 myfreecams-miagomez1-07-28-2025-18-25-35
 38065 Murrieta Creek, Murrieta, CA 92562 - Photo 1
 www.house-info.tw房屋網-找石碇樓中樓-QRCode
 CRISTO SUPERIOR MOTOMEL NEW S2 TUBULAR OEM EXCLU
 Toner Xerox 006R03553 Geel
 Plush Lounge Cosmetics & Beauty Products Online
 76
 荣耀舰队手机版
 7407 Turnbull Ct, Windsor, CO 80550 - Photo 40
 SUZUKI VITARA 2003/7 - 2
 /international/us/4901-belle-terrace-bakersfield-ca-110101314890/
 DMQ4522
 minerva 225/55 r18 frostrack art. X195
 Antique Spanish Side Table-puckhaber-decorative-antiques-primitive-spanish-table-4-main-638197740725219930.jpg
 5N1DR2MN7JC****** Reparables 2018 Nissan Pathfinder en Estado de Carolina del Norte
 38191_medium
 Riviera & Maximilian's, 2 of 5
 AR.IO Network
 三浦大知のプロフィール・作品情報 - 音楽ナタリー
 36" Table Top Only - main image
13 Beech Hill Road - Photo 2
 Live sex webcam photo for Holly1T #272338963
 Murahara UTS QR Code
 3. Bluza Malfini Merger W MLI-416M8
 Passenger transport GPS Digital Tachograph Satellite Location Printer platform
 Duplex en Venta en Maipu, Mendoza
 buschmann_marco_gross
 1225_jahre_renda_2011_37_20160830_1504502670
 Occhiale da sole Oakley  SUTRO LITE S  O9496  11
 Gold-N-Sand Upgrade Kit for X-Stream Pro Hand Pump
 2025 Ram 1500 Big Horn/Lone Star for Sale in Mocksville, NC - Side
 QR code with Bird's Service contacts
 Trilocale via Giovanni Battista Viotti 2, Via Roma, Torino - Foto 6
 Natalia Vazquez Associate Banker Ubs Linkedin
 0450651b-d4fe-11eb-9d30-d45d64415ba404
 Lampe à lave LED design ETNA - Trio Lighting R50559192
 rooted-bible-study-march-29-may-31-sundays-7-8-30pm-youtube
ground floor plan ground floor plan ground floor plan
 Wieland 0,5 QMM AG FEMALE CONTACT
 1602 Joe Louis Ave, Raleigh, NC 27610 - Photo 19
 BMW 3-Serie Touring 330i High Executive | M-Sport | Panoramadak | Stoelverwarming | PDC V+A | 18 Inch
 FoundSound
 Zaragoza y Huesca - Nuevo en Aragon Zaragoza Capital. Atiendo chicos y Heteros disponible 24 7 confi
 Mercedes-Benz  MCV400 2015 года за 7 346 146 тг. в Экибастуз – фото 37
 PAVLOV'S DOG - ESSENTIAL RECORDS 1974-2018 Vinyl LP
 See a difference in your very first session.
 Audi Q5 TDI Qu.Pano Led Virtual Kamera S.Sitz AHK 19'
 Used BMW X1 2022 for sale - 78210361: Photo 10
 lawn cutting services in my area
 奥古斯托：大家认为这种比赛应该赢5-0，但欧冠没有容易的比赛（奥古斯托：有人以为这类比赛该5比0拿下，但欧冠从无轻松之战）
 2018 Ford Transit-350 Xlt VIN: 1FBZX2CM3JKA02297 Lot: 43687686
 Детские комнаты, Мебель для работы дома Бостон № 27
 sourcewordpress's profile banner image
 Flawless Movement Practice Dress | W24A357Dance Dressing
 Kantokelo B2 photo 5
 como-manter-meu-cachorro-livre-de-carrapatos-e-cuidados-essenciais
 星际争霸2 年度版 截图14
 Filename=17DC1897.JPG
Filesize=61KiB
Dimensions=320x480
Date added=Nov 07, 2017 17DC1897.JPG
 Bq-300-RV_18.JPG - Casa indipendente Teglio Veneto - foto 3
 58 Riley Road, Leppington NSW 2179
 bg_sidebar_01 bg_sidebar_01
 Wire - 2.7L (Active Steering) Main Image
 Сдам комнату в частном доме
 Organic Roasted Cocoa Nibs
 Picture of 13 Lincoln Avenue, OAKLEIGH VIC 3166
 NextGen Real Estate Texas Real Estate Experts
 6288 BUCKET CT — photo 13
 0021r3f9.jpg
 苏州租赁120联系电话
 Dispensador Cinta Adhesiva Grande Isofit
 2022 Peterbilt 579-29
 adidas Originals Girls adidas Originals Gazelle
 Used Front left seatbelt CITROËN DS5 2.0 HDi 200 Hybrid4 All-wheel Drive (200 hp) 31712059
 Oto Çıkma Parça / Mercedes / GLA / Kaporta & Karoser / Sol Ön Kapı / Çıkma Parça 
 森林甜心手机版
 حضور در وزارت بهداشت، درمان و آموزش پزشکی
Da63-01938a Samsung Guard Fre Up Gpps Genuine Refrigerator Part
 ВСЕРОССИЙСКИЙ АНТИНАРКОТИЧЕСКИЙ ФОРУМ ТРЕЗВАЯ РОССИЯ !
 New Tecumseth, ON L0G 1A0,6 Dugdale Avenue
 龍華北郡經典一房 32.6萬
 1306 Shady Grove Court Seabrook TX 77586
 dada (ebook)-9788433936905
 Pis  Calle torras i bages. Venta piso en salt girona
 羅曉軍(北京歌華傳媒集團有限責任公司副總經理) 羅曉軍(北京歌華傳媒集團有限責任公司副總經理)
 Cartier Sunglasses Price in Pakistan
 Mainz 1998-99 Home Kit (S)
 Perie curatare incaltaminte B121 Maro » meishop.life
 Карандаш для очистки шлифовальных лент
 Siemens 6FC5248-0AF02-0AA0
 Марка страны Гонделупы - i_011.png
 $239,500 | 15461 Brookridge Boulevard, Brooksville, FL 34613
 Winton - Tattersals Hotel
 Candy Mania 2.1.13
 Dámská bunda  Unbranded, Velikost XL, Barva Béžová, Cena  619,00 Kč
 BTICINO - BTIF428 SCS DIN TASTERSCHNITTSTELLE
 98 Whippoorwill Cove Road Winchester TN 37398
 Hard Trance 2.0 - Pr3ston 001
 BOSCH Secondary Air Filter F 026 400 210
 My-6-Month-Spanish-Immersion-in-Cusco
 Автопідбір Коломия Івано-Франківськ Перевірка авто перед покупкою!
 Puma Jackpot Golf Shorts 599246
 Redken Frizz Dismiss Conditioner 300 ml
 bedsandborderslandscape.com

Your goal -> Restate the records above verbatim, omitting no line.

Response to this exercise ->
 myfreecams-miagomez1-07-28-2025-18-25-35
 38065 Murrieta Creek, Murrieta, CA 92562 - Photo 1
 www.house-info.tw房屋網-找石碇樓中樓-QRCode
 CRISTO SUPERIOR MOTOMEL NEW S2 TUBULAR OEM EXCLU
 Toner Xerox 006R03553 Geel
 Plush Lounge Cosmetics & Beauty Products Online
 76
 荣耀舰队手机版
 7407 Turnbull Ct, Windsor, CO 80550 - Photo 40
 SUZUKI VITARA 2003/7 - 2
 /international/us/4901-belle-terrace-bakersfield-ca-110101314890/
 DMQ4522
 minerva 225/55 r18 frostrack art. X195
 Antique Spanish Side Table-puckhaber-decorative-antiques-primitive-spanish-table-4-main-638197740725219930.jpg
 5N1DR2MN7JC****** Reparables 2018 Nissan Pathfinder en Estado de Carolina del Norte
 38191_medium
 Riviera & Maximilian's, 2 of 5
 AR.IO Network
 三浦大知のプロフィール・作品情報 - 音楽ナタリー
 36" Table Top Only - main image
13 Beech Hill Road - Photo 2
 Live sex webcam photo for Holly1T #272338963
 Murahara UTS QR Code
 3. Bluza Malfini Merger W MLI-416M8
 Passenger transport GPS Digital Tachograph Satellite Location Printer platform
 Duplex en Venta en Maipu, Mendoza
 buschmann_marco_gross
 1225_jahre_renda_2011_37_20160830_1504502670
 Occhiale da sole Oakley  SUTRO LITE S  O9496  11
 Gold-N-Sand Upgrade Kit for X-Stream Pro Hand Pump
 2025 Ram 1500 Big Horn/Lone Star for Sale in Mocksville, NC - Side
 QR code with Bird's Service contacts
 Trilocale via Giovanni Battista Viotti 2, Via Roma, Torino - Foto 6
 Natalia Vazquez Associate Banker Ubs Linkedin
 0450651b-d4fe-11eb-9d30-d45d64415ba404
 Lampe à lave LED design ETNA - Trio Lighting R50559192
 rooted-bible-study-march-29-may-31-sundays-7-8-30pm-youtube
ground floor plan ground floor plan ground floor plan
 Wieland 0,5 QMM AG FEMALE CONTACT
 1602 Joe Louis Ave, Raleigh, NC 27610 - Photo 19
 BMW 3-Serie Touring 330i High Executive | M-Sport | Panoramadak | Stoelverwarming | PDC V+A | 18 Inch
 FoundSound
 Zaragoza y Huesca - Nuevo en Aragon Zaragoza Capital. Atiendo chicos y Heteros disponible 24 7 confi
 Mercedes-Benz  MCV400 2015 года за 7 346 146 тг. в Экибастуз – фото 37
 PAVLOV'S DOG - ESSENTIAL RECORDS 1974-2018 Vinyl LP
 See a difference in your very first session.
 Audi Q5 TDI Qu.Pano Led Virtual Kamera S.Sitz AHK 19'
 Used BMW X1 2022 for sale - 78210361: Photo 10
 lawn cutting services in my area
 奥古斯托：大家认为这种比赛应该赢5-0，但欧冠没有容易的比赛（奥古斯托：有人以为这类比赛该5比0拿下，但欧冠从无轻松之战）
 2018 Ford Transit-350 Xlt VIN: 1FBZX2CM3JKA02297 Lot: 43687686
 Детские комнаты, Мебель для работы дома Бостон № 27
 sourcewordpress's profile banner image
 Flawless Movement Practice Dress | W24A357Dance Dressing
 Kantokelo B2 photo 5
 como-manter-meu-cachorro-livre-de-carrapatos-e-cuidados-essenciais
 星际争霸2 年度版 截图14
 Filename=17DC1897.JPG
Filesize=61KiB
Dimensions=320x480
Date added=Nov 07, 2017 17DC1897.JPG
 Bq-300-RV_18.JPG - Casa indipendente Teglio Veneto - foto 3
 58 Riley Road, Leppington NSW 2179
 bg_sidebar_01 bg_sidebar_01
 Wire - 2.7L (Active Steering) Main Image
 Сдам комнату в частном доме
 Organic Roasted Cocoa Nibs
 Picture of 13 Lincoln Avenue, OAKLEIGH VIC 3166
 NextGen Real Estate Texas Real Estate Experts
 6288 BUCKET CT — photo 13
 0021r3f9.jpg
 苏州租赁120联系电话
 Dispensador Cinta Adhesiva Grande Isofit
 2022 Peterbilt 579-29
 adidas Originals Girls adidas Originals Gazelle
 Used Front left seatbelt CITROËN DS5 2.0 HDi 200 Hybrid4 All-wheel Drive (200 hp) 31712059
 Oto Çıkma Parça / Mercedes / GLA / Kaporta & Karoser / Sol Ön Kapı / Çıkma Parça 
 森林甜心手机版
 حضور در وزارت بهداشت، درمان و آموزش پزشکی
Da63-01938a Samsung Guard Fre Up Gpps Genuine Refrigerator Part
 ВСЕРОССИЙСКИЙ АНТИНАРКОТИЧЕСКИЙ ФОРУМ ТРЕЗВАЯ РОССИЯ !
 New Tecumseth, ON L0G 1A0,6 Dugdale Avenue
 龍華北郡經典一房 32.6萬
 1306 Shady Grove Court Seabrook TX 77586
 dada (ebook)-9788433936905
 Pis  Calle torras i bages. Venta piso en salt girona
 羅曉軍(北京歌華傳媒集團有限責任公司副總經理) 羅曉軍(北京歌華傳媒集團有限責任公司副總經理)
 Cartier Sunglasses Price in Pakistan
 Mainz 1998-99 Home Kit (S)
 Perie curatare incaltaminte B121 Maro » meishop.life
 Карандаш для очистки шлифовальных лент
 Siemens 6FC5248-0AF02-0AA0
 Марка страны Гонделупы - i_011.png
 $239,500 | 15461 Brookridge Boulevard, Brooksville, FL 34613
 Winton - Tattersals Hotel
 Candy Mania 2.1.13
 Dámská bunda  Unbranded, Velikost XL, Barva Béžová, Cena  619,00 Kč
 BTICINO - BTIF428 SCS DIN TASTERSCHNITTSTELLE
 98 Whippoorwill Cove Road Winchester TN 37398
 Hard Trance 2.0 - Pr3ston 001
 BOSCH Secondary Air Filter F 026 400 210
 My-6-Month-Spanish-Immersion-in-Cusco
 Автопідбір Коломия Івано-Франківськ Перевірка авто перед покупкою!
 Puma Jackpot Golf Shorts 599246
 Redken Frizz Dismiss Conditioner 300 ml
 bedsandborderslandscape.com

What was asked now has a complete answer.